Using both orange and avocado peels, the teenager created a super absorbent polymer (SAP) that acts as a reservoir in the earth. The material is said to hold three hundred times more than its weight in liquid, relative to their own mass, “keeping crops hydrated for longer at a much lower cost.”

“I sought to create a product that can improve soil quality, preserve water and resist drought, therefore producing a better environment for crops to grow,” a part of her research report read. She went on to explain that SAPs must be harmless and non-polluting with super water-absorbing and preserving capabilities.
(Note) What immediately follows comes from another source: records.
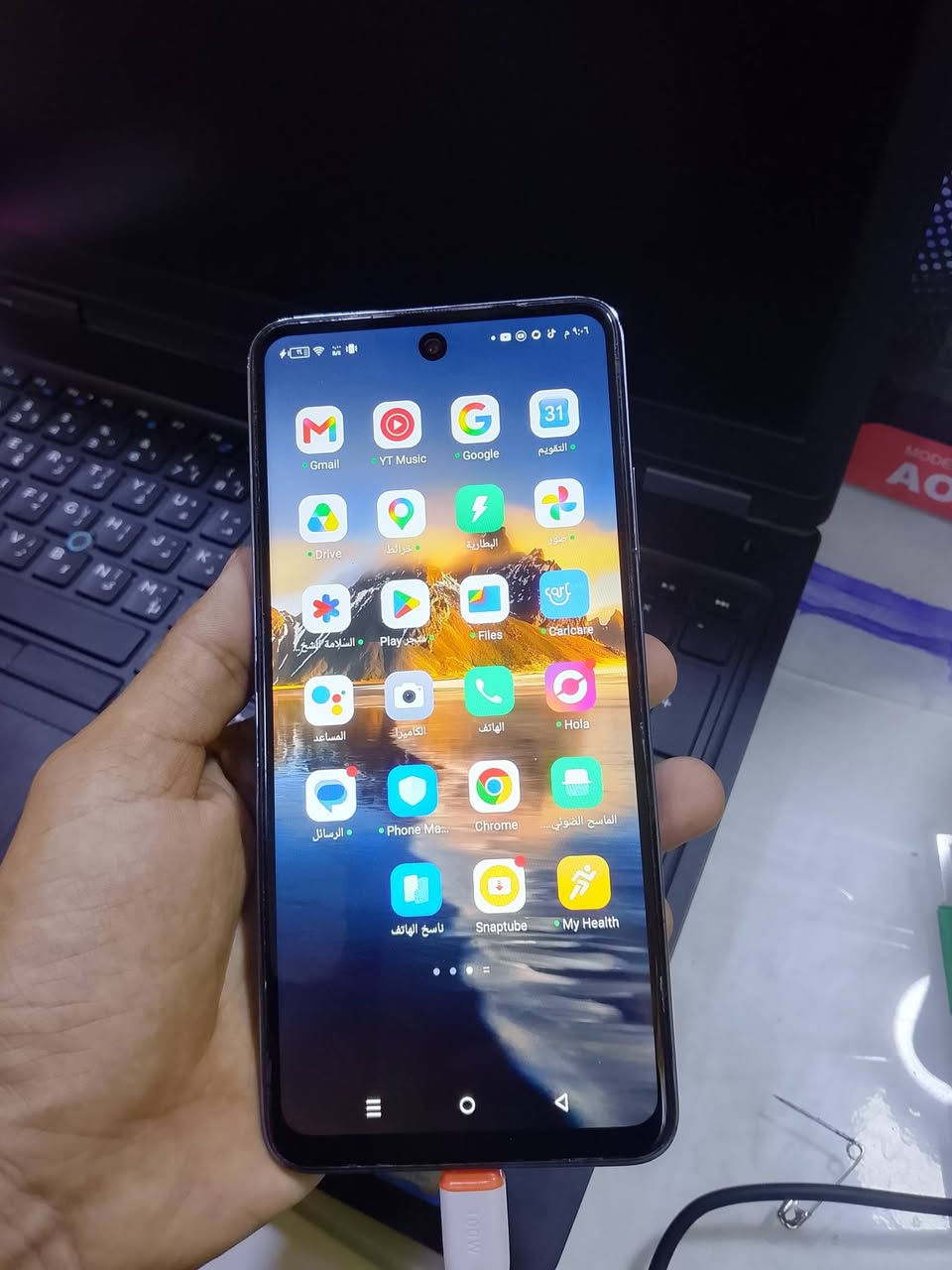 Infinix Hot 40i 📲
مستعمل مستبدل شاشة نظافة 90% ✅

ذاكرة 128 

ضمان يوم كامل ⚠️

العنوان شافعية سايدين (مركز اليرموك للموبايل )📍

***********

متوفر توصيل لكل أنحاء الديوانية ⚠️
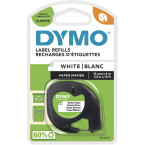 DYMO LetraTag 12 mm White...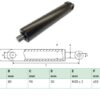 Hydraulic cylinder Zepro 45/80/455 for bend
As stated in her research report titled ‘Combatting drought with a Low-Cost, biodegradable Superabsorbent Polymer made out of orange peels,’ Nirghin discovered, that naturally occurring polymers exist in most citrus fruits.

“Orange peels contain over 64 percent of polysaccharide making it a candidate for biodegradable polymer. However, the polymer has to be cross-linked usually requiring chemicals such as Sulphur and Hydrochloric acid. I have explored an organic cross-linking method using UV light and heat.

Emulsion polymerization was then conducted by using natural oil found in avocado peels and adding it to boiled orange peels. The product is then left in the sun, utilizing photo polymerization.”

Nirghin’s invention doesn’t just tackle the effects of drought, it also serves a means of converting waste into something useful. The teenager, who is obviously delighted by the result of her home-based experiment, says she would like to experiment further, make large amounts of orange peel SAPs, and apply it to crops such as maize and wheat in poor communities in South Africa. “With the use of the orange peel SAP, in agricultural drought disaster areas food security could increase by 73 percent.”

South Africa is currently going through its worst drought in 35 years, with over 2.7 million households facing water shortages across the country. There are increased job cuts in the agricultural sector as farmers sell off their land, due to a lack of access to funds. According to reports by The Inquisitr, about 15,000 of the 35,000 commercial farmers are struggling because of the latest drought.

Nirghin’s invention is sure to alleviate the effects of drought, not just in South Africa, but in several other countries around the world. It will also help countries manage the effects of climate change for years to come.

In her submission, Kiara Nirghin described herself as an individual who absolutely loves chemistry and physics. “I have always had a great love for chemistry since I was young. I vividly remember at the age of 7 experimenting with vinegar and baking soda solutions in plastic cups. My natural curiosity and questioning nature has sparked my everlasting love of science.”